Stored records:
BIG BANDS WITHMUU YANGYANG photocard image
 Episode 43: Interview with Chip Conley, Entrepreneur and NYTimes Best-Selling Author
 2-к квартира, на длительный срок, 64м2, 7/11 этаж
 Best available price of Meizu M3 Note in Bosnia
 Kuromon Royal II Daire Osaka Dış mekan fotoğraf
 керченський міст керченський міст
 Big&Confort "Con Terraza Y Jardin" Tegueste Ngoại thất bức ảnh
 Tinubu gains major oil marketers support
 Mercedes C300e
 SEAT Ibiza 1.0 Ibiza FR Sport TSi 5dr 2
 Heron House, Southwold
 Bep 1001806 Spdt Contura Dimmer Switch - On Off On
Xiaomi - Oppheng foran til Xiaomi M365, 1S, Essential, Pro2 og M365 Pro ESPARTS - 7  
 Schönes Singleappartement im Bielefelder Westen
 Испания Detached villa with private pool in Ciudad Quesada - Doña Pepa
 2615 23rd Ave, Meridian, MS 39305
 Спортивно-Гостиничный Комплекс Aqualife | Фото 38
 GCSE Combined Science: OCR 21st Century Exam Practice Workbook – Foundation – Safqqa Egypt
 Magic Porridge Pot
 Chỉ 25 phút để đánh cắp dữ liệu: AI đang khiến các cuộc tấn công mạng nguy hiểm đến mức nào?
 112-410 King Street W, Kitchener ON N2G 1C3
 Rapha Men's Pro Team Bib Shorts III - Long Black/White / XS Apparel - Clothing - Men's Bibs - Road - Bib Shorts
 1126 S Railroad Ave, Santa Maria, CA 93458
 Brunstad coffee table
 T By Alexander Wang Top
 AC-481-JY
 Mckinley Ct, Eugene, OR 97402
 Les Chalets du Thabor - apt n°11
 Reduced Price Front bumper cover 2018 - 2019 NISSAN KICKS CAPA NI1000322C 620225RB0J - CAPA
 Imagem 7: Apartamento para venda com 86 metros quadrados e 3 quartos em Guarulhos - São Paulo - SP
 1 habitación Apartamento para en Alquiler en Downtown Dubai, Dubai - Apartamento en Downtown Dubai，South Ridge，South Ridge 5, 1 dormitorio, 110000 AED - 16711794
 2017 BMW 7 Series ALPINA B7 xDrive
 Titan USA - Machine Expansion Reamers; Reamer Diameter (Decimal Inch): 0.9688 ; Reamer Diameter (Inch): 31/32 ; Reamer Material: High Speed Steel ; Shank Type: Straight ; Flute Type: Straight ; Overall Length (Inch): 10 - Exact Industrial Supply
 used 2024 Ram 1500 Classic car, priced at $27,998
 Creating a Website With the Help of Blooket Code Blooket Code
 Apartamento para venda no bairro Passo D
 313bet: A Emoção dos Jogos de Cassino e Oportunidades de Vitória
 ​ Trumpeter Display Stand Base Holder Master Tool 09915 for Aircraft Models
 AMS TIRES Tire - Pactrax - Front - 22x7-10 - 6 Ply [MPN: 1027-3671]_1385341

### [TASK]
Could you reproduce exactly the lines of the entries above, from the one with "2-к квартира, на" through the one with "Imagem 7: Apartamento", and nothing else?

### [RESPONSE TO THE TASK]
 2-к квартира, на длительный срок, 64м2, 7/11 этаж
 Best available price of Meizu M3 Note in Bosnia
 Kuromon Royal II Daire Osaka Dış mekan fotoğraf
 керченський міст керченський міст
 Big&Confort "Con Terraza Y Jardin" Tegueste Ngoại thất bức ảnh
 Tinubu gains major oil marketers support
 Mercedes C300e
 SEAT Ibiza 1.0 Ibiza FR Sport TSi 5dr 2
 Heron House, Southwold
 Bep 1001806 Spdt Contura Dimmer Switch - On Off On
Xiaomi - Oppheng foran til Xiaomi M365, 1S, Essential, Pro2 og M365 Pro ESPARTS - 7  
 Schönes Singleappartement im Bielefelder Westen
 Испания Detached villa with private pool in Ciudad Quesada - Doña Pepa
 2615 23rd Ave, Meridian, MS 39305
 Спортивно-Гостиничный Комплекс Aqualife | Фото 38
 GCSE Combined Science: OCR 21st Century Exam Practice Workbook – Foundation – Safqqa Egypt
 Magic Porridge Pot
 Chỉ 25 phút để đánh cắp dữ liệu: AI đang khiến các cuộc tấn công mạng nguy hiểm đến mức nào?
 112-410 King Street W, Kitchener ON N2G 1C3
 Rapha Men's Pro Team Bib Shorts III - Long Black/White / XS Apparel - Clothing - Men's Bibs - Road - Bib Shorts
 1126 S Railroad Ave, Santa Maria, CA 93458
 Brunstad coffee table
 T By Alexander Wang Top
 AC-481-JY
 Mckinley Ct, Eugene, OR 97402
 Les Chalets du Thabor - apt n°11
 Reduced Price Front bumper cover 2018 - 2019 NISSAN KICKS CAPA NI1000322C 620225RB0J - CAPA
 Imagem 7: Apartamento para venda com 86 metros quadrados e 3 quartos em Guarulhos - São Paulo - SP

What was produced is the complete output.